Feuriger Elias und das Tram 6

Erinnern Sie sich noch als der Feurige Elias, die Dampflok, gelegentlich das Worblental hinauf pustete. Es ist schon eine Weile her. Der Elias musste immer wieder eine Pause machen, um Wasser und Kohle nachzuladen.

Das Tram 6 macht am Abend nach 21 Uhr in Worb auch eine Pause und zwar immer 20 Minuten, z. B. von 21.06 bis 21.26 Uhr. Jede halbe Stunde das gleiche Bild, das Tram kommt, wartet und wartet und fährt wieder Richtung Bern. Wasser und Kohle werden aber nicht mehr benötigt.

Warum diese Pause? Damit zwischen Siloah und Worb der 30-Minuten-Takt eingehalten werden kann. Würde nämlich der 15-Minuten-Takt, welcher zwischen Bern und Siloah gilt, bis Worb weitergeführt, würde diese Pause wegfallen.  Der 15-Minuten-Takt würde genau so funktionieren wie an Sonntagen. Einziger Nachteil: Die Tramführer hätten nur noch 5 Minuten Pause statt 20 Minuten, genauso wie sonst den ganzen Tag über.

Das wäre der 15-Minuten-Takt für eine Stunde. Die farbig markierten Zeiten sind neu. Im gültigen Kursbuch sind diese leer.

Was könnten Gründe sein, warum das Tram im Siloah umkehrt statt nach Worb zu fahren?
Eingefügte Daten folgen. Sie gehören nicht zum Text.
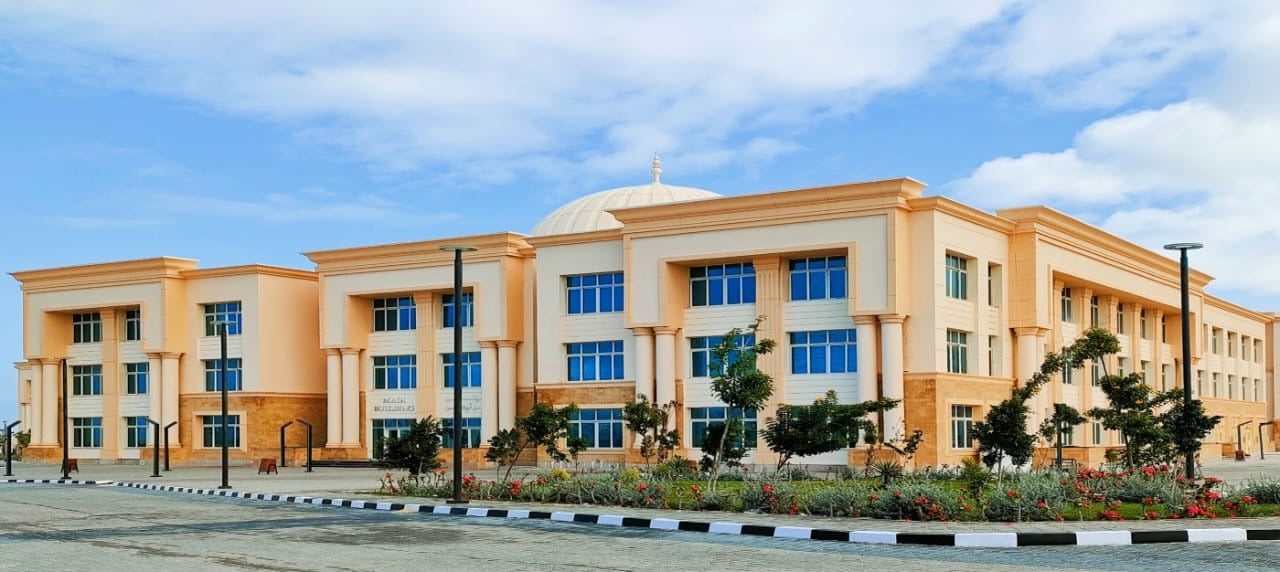 WhatsApp Image 2026-04-23 at 12.00.49 AM (1)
Könnte ein Grund sein, dass Bernmobil die teure Wendeschlaufe im Siloah täglich 5 Mal benutzt und sie somit nicht ganz nutzlos ist?

Es könnte aber auch sein, dass der Gemeinderat Worb, als dieser unlogische 30-Minuten-Takt eingeführt wurde, gar nicht merkte, dass der 15-Minuten-Takt praktisch gratis möglich wäre. Man sollte nun versuchen, den Fehler zu beheben und alle Hebel in Bewegung setzen, um das zu ändern.

Denn der 15-Minuten-Takt würde für die Bevölkerung von Worb und Rüfenacht einen echten Gewinn bringen. Lästige Wartezeiten nach Kino- und Theaterbesuchen und Ähnlichem würden stark reduziert. Auch das Umsteigen in Gümligen aus Richtung Thun und Langnau würde erleichtert, aus Thun nur 10 Minuten Wartezeit statt 25 Minuten – bei jedem Wetter!